Jack Finney's short story about post World War II obsession with materialism depicts the existential absurdity of basing one's existence upon monetary sources.
After Tom Benecke values one particular yellow sheet, upon which he has recorded facts and figures for two months, more than his own safety, because he ventures out in the darkness on the ledge of his eleventh floor apartment where it has blown, he begins to realize the folly of what he has done.
On the ledge there is much emotional intensity as Tom feels great fear:
...a violent instantaneous explosion of absolute terror roared through him....and he began to tremble violently, panic flaring through his mind and muscles, and he felt the blood rush from the surface of his skin.
But, as intense as this moment is, the point at which Tom's fear waxes even more occurs when Tom discovers that the window through which he has passed in order to grab his yellow sheet has slammed shut, and he is stranded out on the ledge.
Since the falling action consists of all of the events that follow the climax, the efforts of Tom to break the window are included.

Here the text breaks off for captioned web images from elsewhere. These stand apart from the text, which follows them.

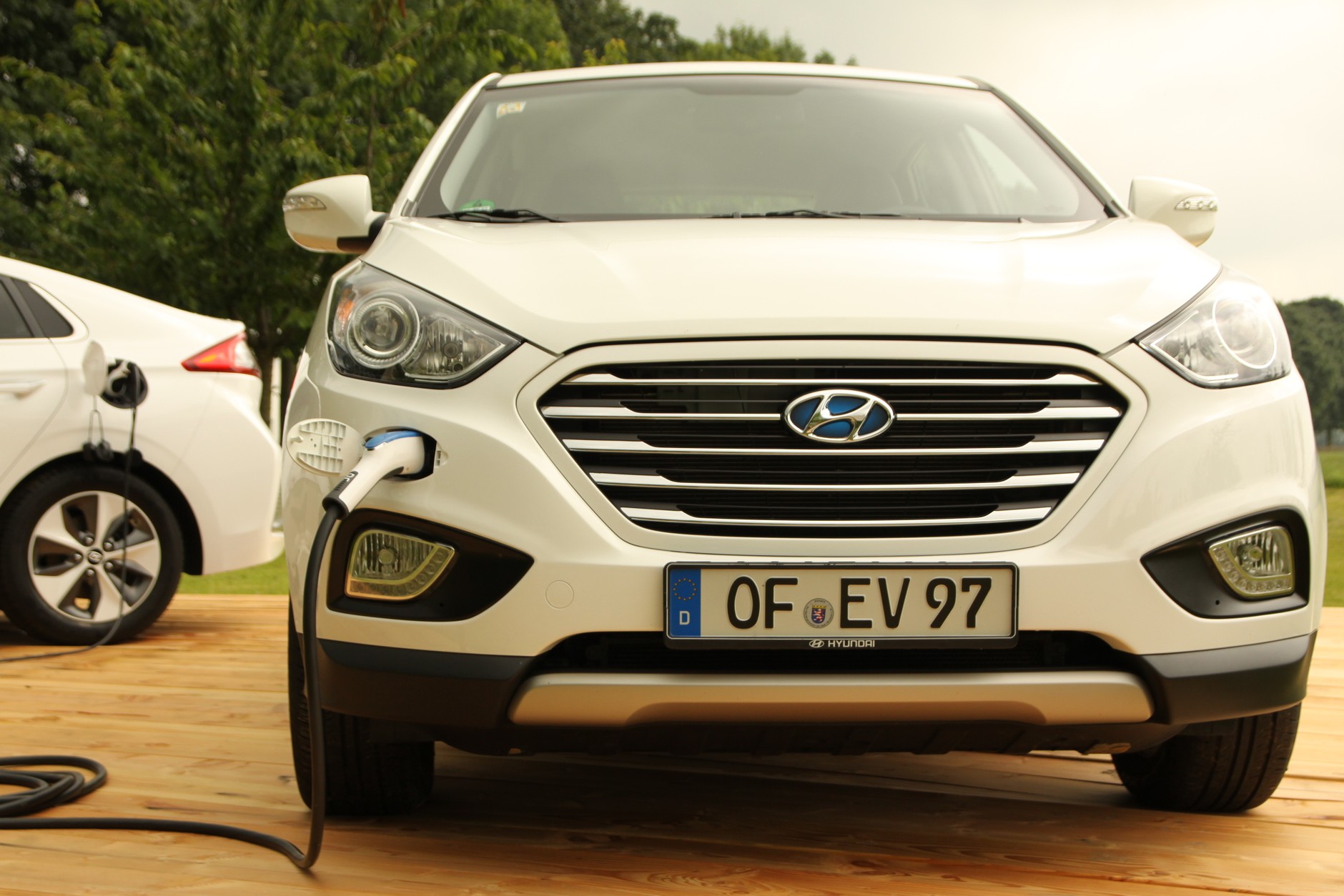 Hyundai ix35 Fuel Cell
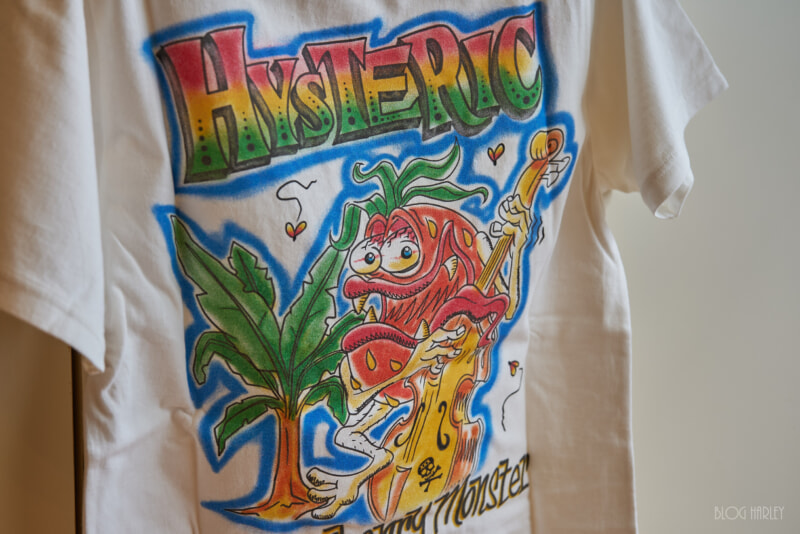 HYSTERIC GLAMOR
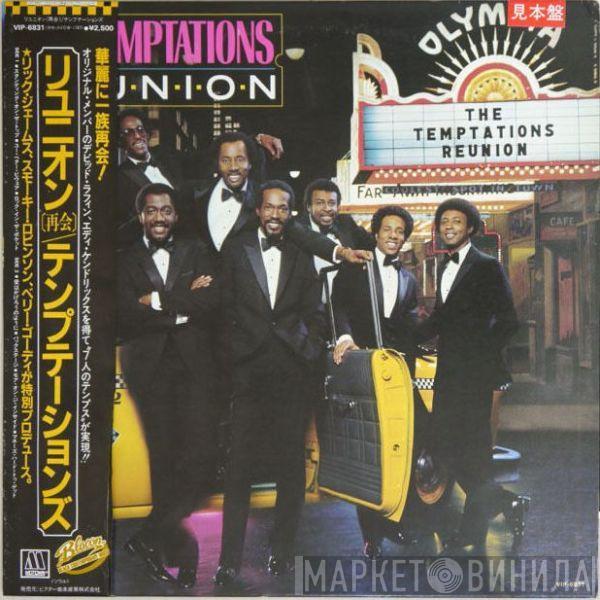  The Temptations  - Reunion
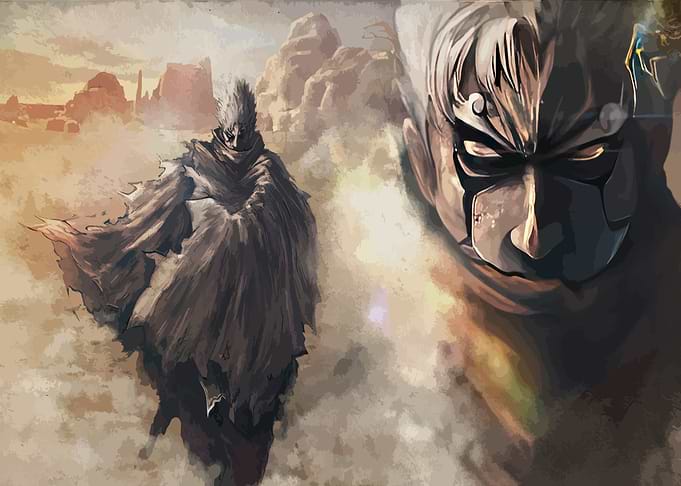 Asura Wrath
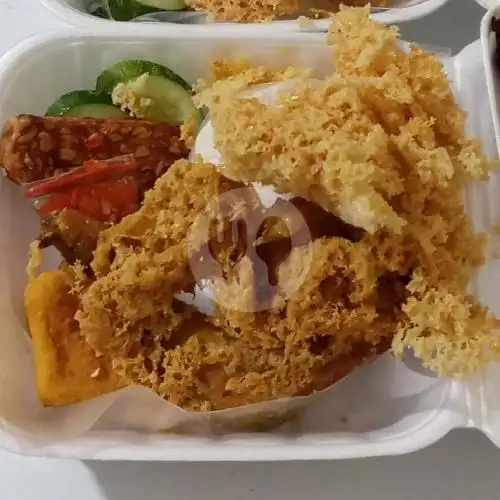 Gambar Makanan Ayam Penyet Cabe Ijo V6, Cilodong 16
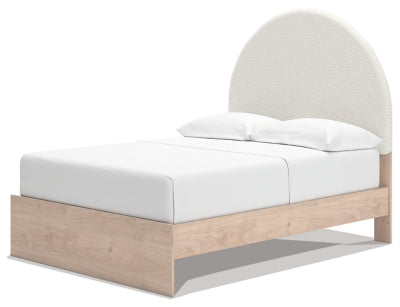 Arloster Upholstered Bed - Furniture House (VA)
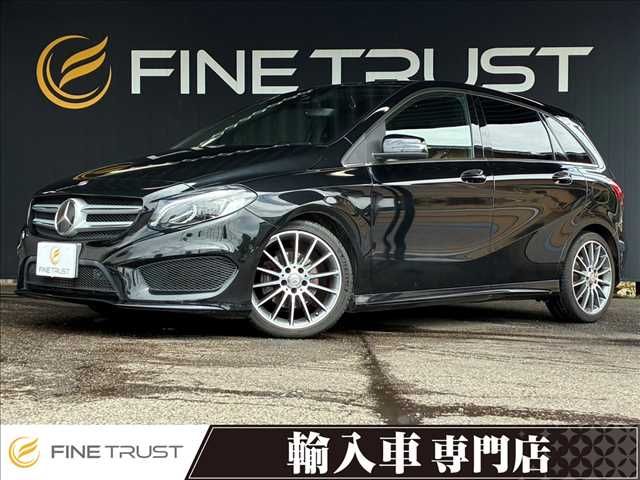 MERCEDES BENZ B class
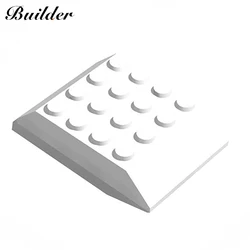 Little Builder Creative Slope Building Blocks Set - 2 Pieces (White)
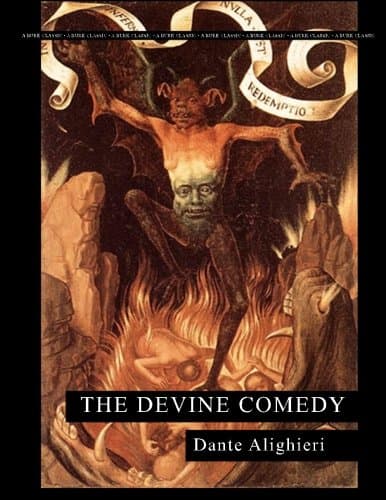 CREATESPACE The Devine Comedy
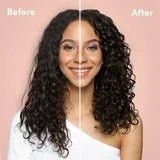 Mizani True Textures Style Refresher Milk – 8.5oz - Image 3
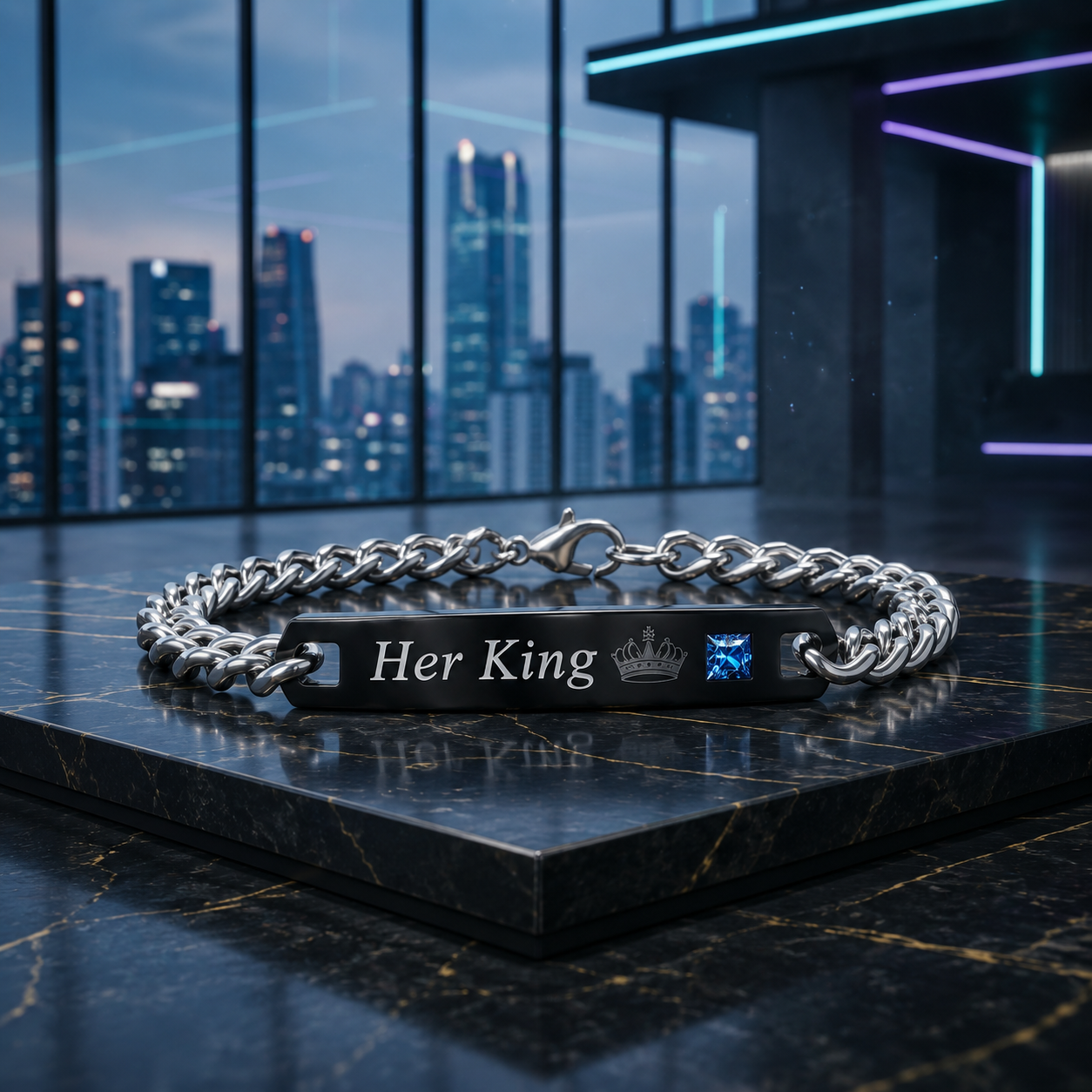 Monarch Series Bracelet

Tom stares at the window: "it was not possible that there wasn't a way past it." Yet, Tom feels terror creeping into his heart; he knows he must keep his emotions at bay. He tests the window with a coin, but it does not break; nor does striking the window with his shoe bring any success. Then he becomes aware that he may have to wait for Clare to return; however, reality strikes him as he recognizes that he cannot wait on a ledge for four hours; for, he would eventually fall.
Gradually, as he balances between life and death, Tom Benecke reflects upon his ambitions and his marriage experiencing an epiphany. If he were to fall all that would be found would be
....one sheet of paper bearing penciled notations--incomprehensible
Tom understands that he may very well die, and with this revelation he wishes that he "had not allowed his wife to go off by herself tonight--and on similar nights."
Tom, then, vows to not cling onto the ledge until he falls; he must break through the glass.
Tom devises his plan to break the glass; envisioning his fist going through the glass of the window. Finally, he knows he must break through the pane and the time has come to try. With all his power, he breaks the glass, and climbs into his home, "grinning in triumph."
While he does not lie down on the carpet as he planned, he instead grabs his topcoat and hat so that he can go out and join his wife at the cinema. But, as he starts out the door, the yellow sheet flies through the open window. This time Tom just laughs and closes the door behind him.